Гоголевский «Тарас Бульба» прежде казался Мише захватывающей, яркой небывальщиной, но теперь, когда тоненькая смешливая Марья заколола штыком здоровенного Сердинова, когда седоусый, косая сажень в плечах, вахмистр спрашивал, как Тарас, у Дроздовых, казаки ли они, — он понял, что это не сказка. Гоголь открыл ему, что люди, прежде головы не поднимавшие от крестьянских трудов, не терпевшие никаких «глупостев», мешающих делу, а теперь, как Тарасовы птенцы, по первому зову атаманов готовые седлать коней и скакать наметом, вращая шашками над головами, на врага — вовсе не сумасшедшие, они — наследники той запорожской вольницы, ее обычаев и нравов. И было у них то самое товарищество, уз святее которого Тарас не знал, они даже оставили у себя большевистское обращение «товарищ» после того, как восстали в феврале.
Но, видя казачью правду, Миша, благодаря жизни своей в Москве и Богучаре, видел и другую правду, правду мужицкого большинства, задавленного нуждой и колотящегося день-деньской куска хлеба ради, которой он не мог не сочувствовать, потому что волею судеб лишился с раннего детства казачьего звания и всех его преимуществ, был полуказак, полумужик, и беды той и другой стороны в равной мере чувствительно задевали его, а спасительной середины между ними он пока что найти не мог.
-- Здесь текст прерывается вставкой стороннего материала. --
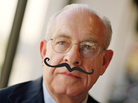 Carl Kasell, Schemer Extraordinaire Carl Kasell, Schemer Extraordinaire
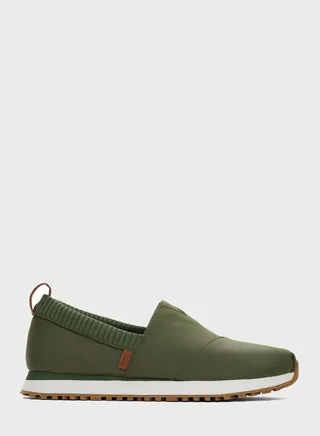 Casual Slip Ons Loafers 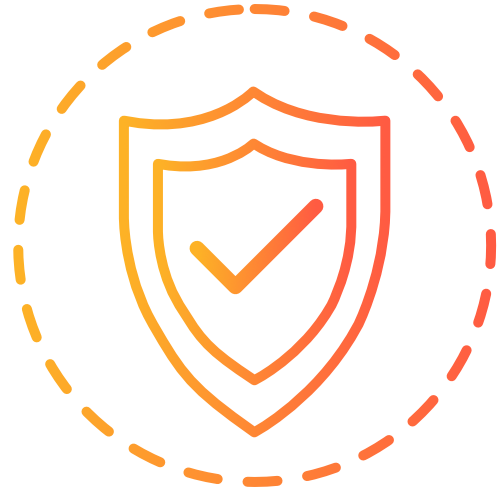 safe&security icon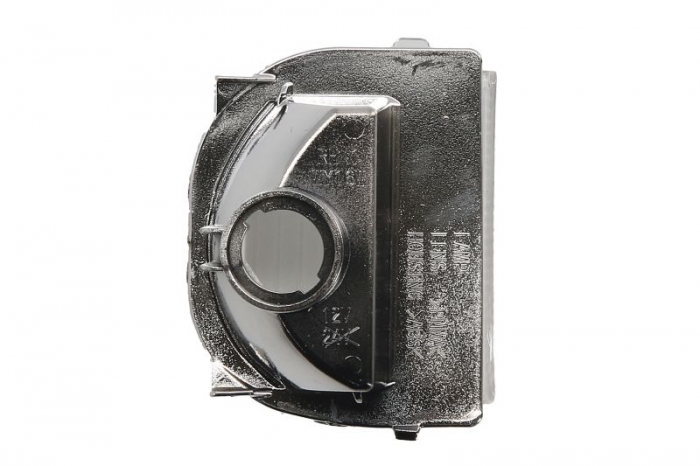 Semnalizator lateral oglinda dreapta transparent MERCEDES SPRINTER 907/910 dupa 2018 [2]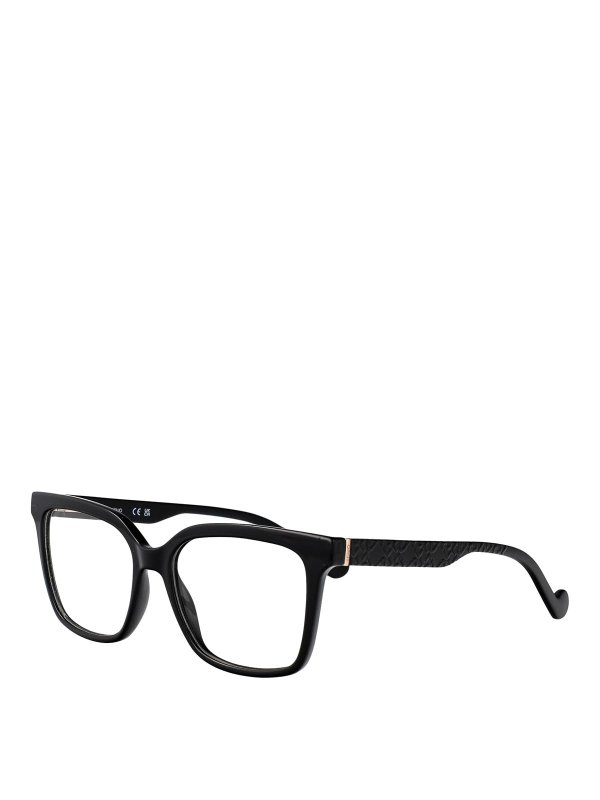 Liu Jo: Gafas de sol online - Gafas De Sol - Negro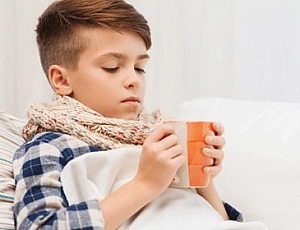 15 parasta iherb-kylmähoitoa lapsille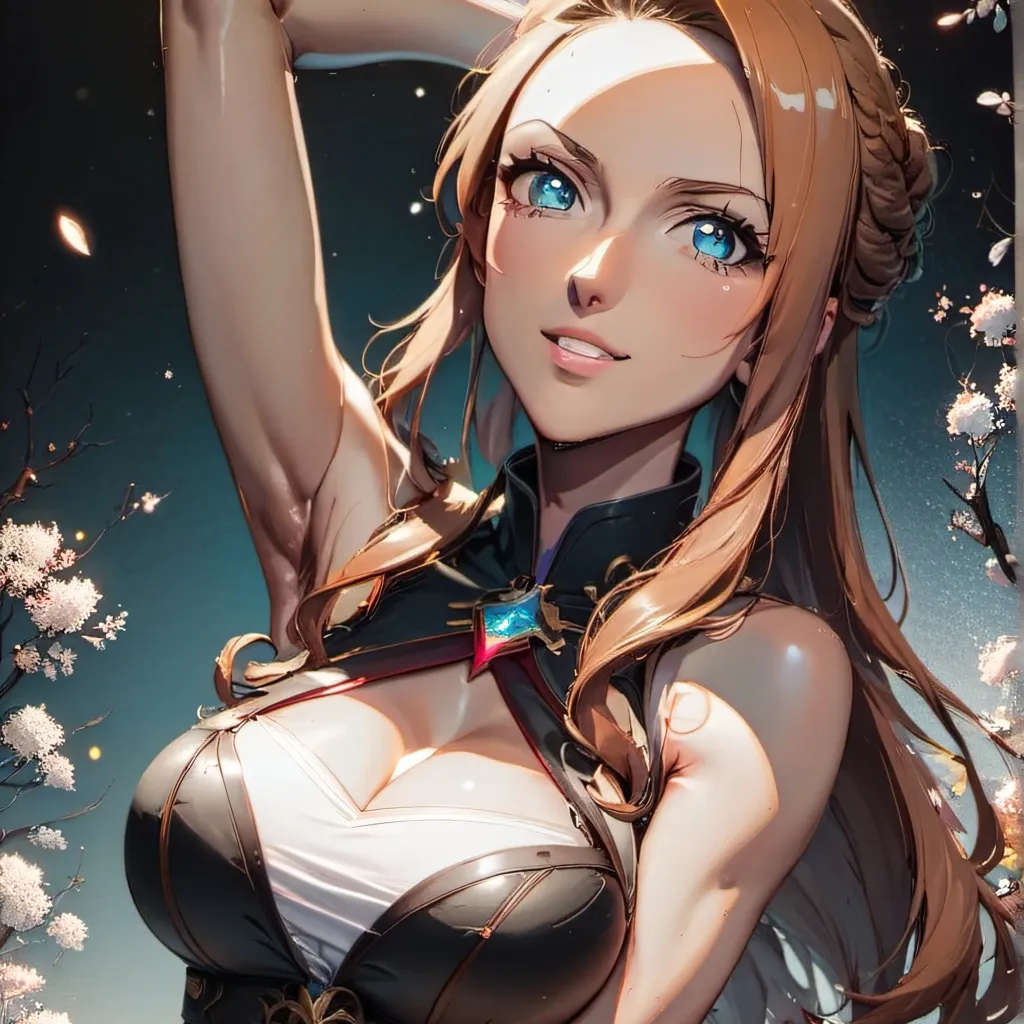 chat with ai character: Jordyn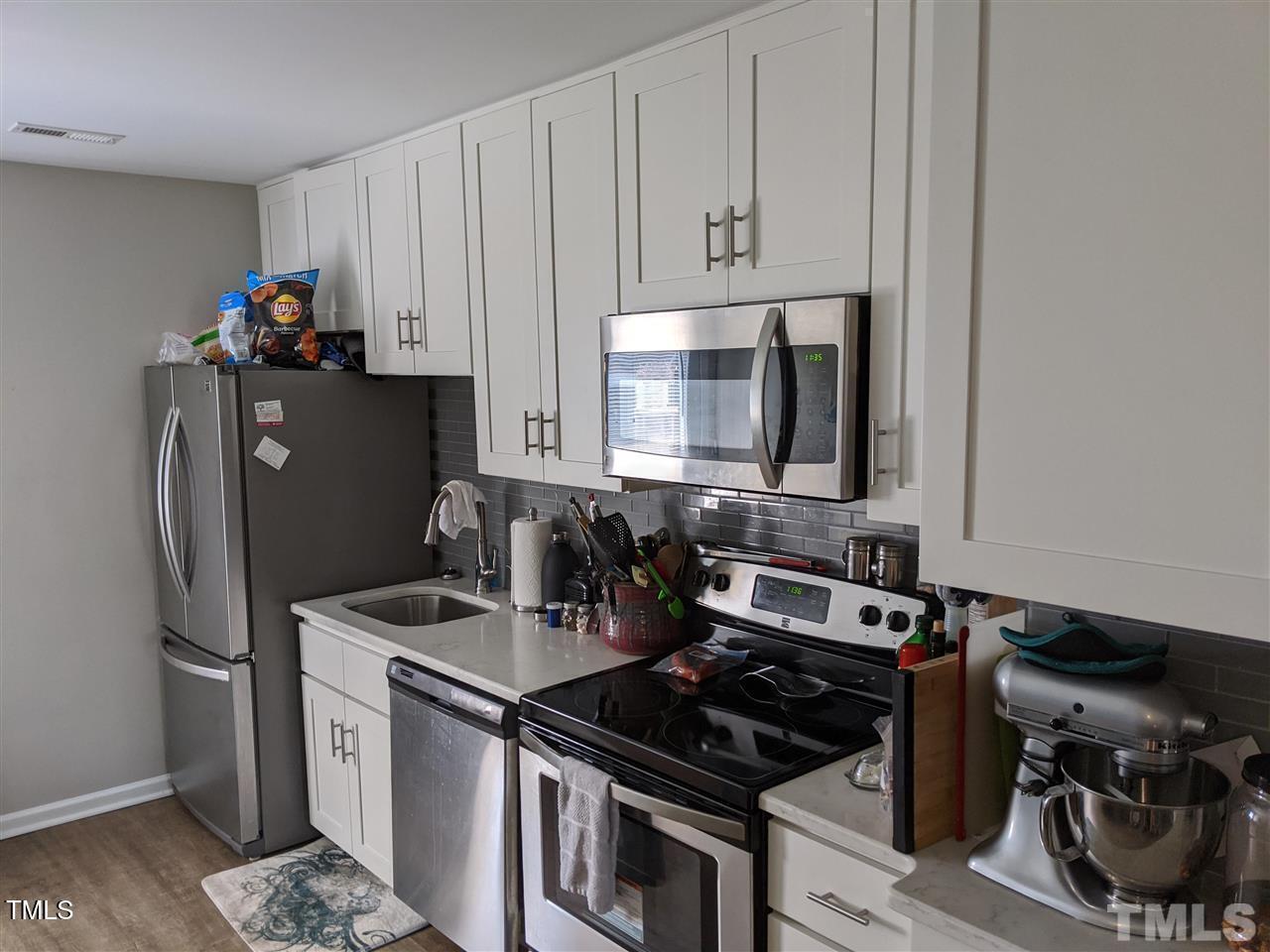 1300 South State Street, Unit B Raleigh, NC 27610 - Photo 6 of 11 Photo #6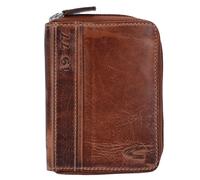 camel active Melbourne Herrengeldbörse braun Herren
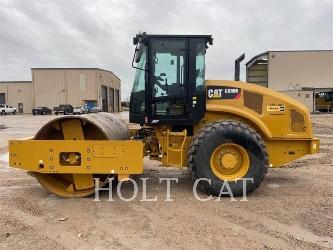 CAT CS56B CAB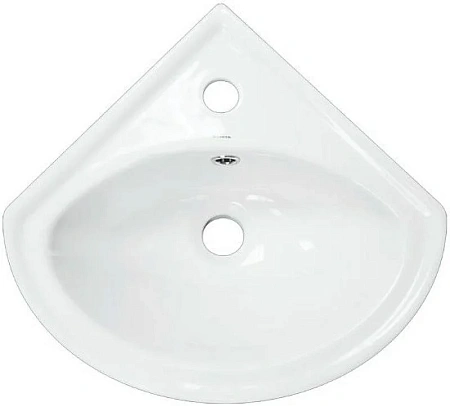 Раковина Style Line Веер-30 ЛС-00000166 Раковина Style Line Веер-30 ЛС-00000166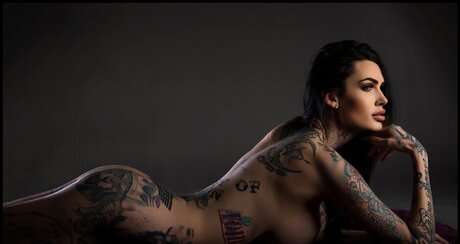 inkedsiren star erotic pic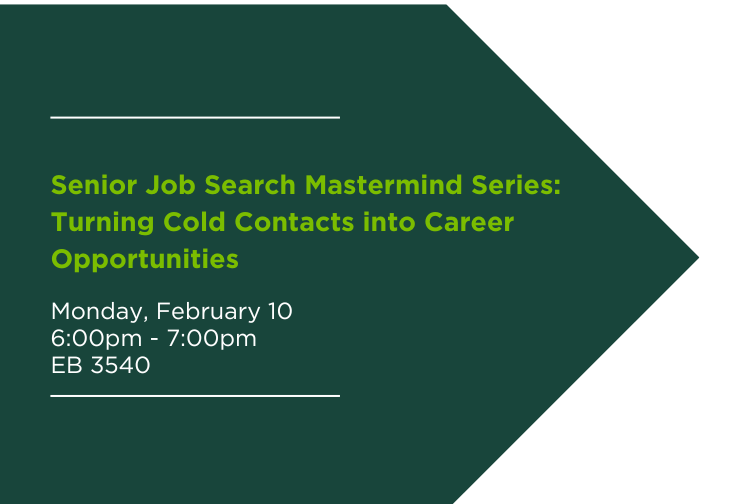 Senior Mastermind Series 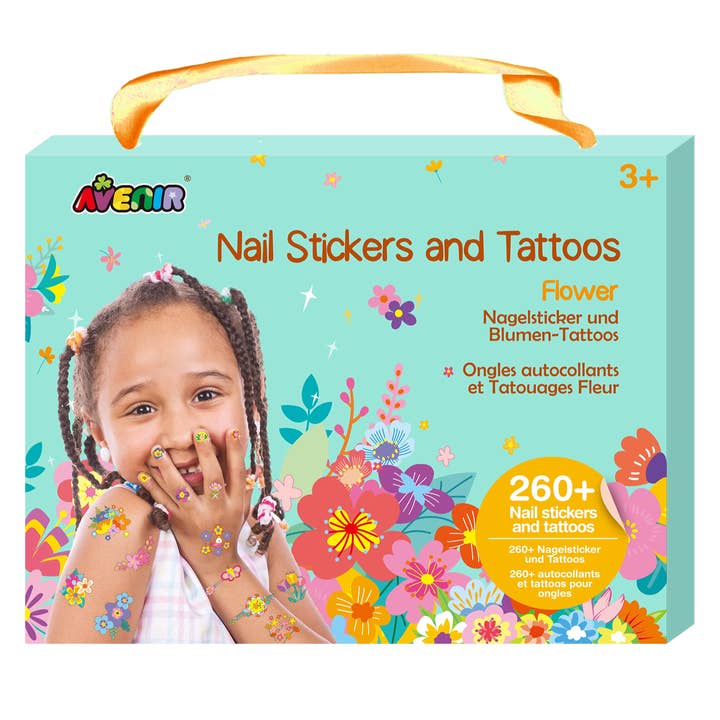 Nail Stickers & Tattoos Flower and other Purchase wholesale flower prices 2023. Free returns & net 60 terms on Faire trending on Faire.
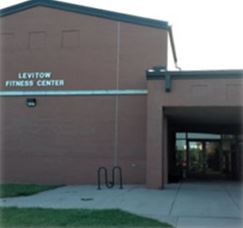 Levitow Fitness Center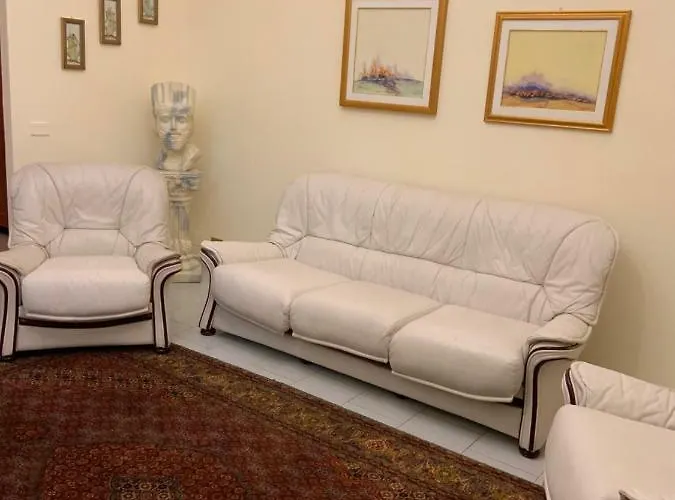 Appartamento House S&d Giarre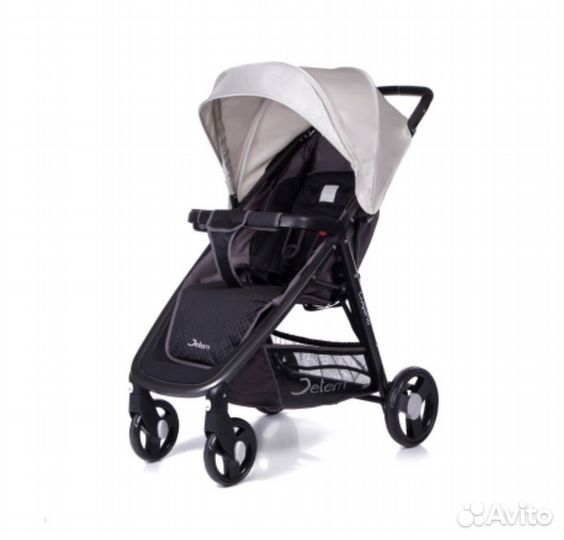 Коляска jetem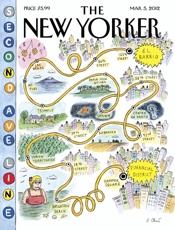 New Yorker, The - The New Yorker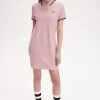 Twin Tipped Shirt Women’s Dress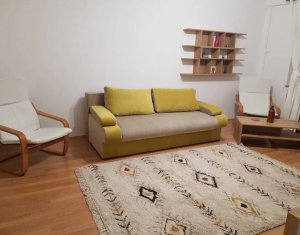 Lakás 2 szobák kiadó on Cluj-napoca, Zóna Zorilor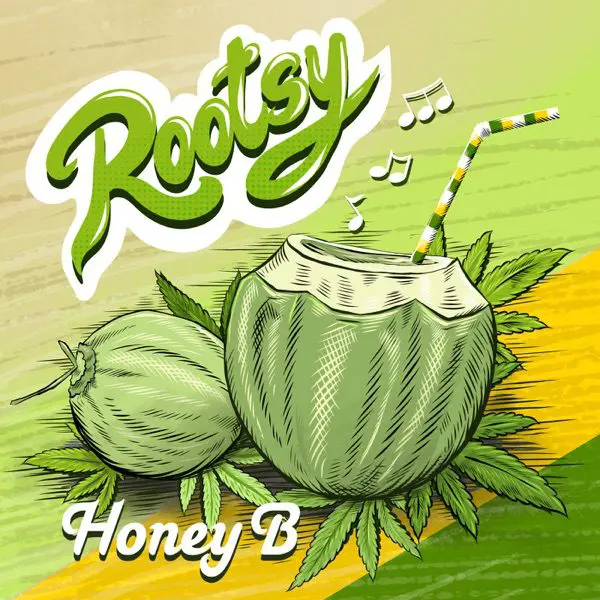 honey b - rootsy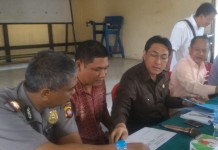 Komisi II Janji Rapat Dengan Mendagri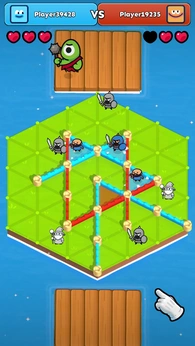 Triangle Conquest安卓版图2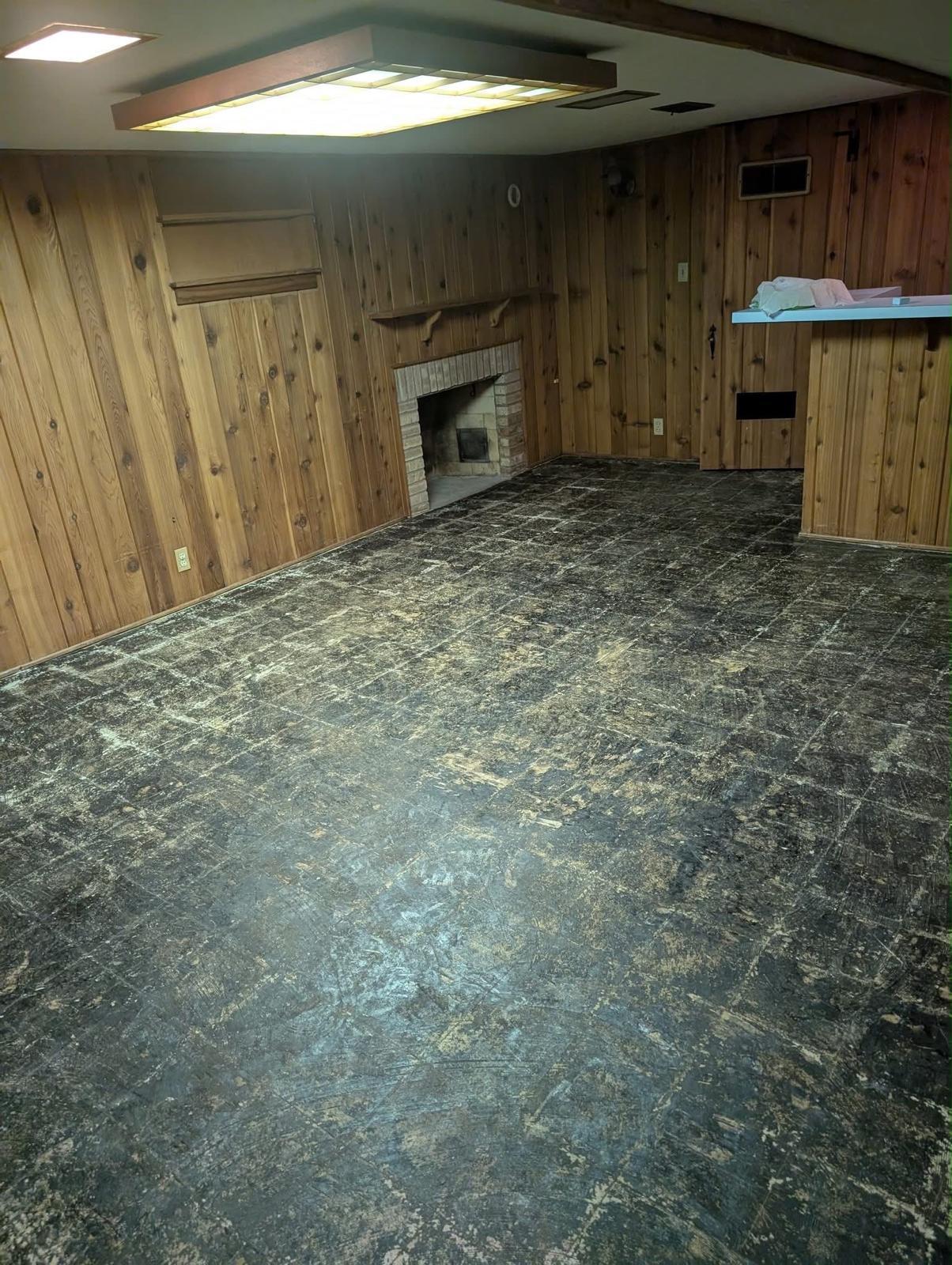 Flooring photo 2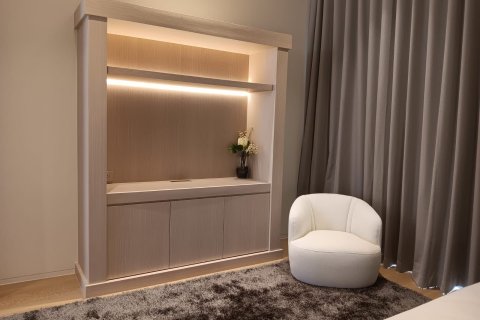 Villa in Phuket, Thailand 4 bedrooms № 156944 - photo 29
Казаки отстаивали свою волю — и это ему было понятно, но мужики отстаивали свое право выйти из-под кабалы блестящего желтого металла, за который бились люди, как пел голос в граммофоне купца Левочкина, будто им не за что было больше биться, — и Миша тоже это понимал. Мир был устроен несправедливо: почему, например, родившись казаком, он перестал быть им только оттого, что Александр Михайлович усыновил его, а с другой стороны, чем провинились перед большевиками казаки — тем, что родились казаками? Не знал он ответа на эти вопроса, не знали его и умудренные, пожившие на этом свете люди, убивавшие теперь друг друга.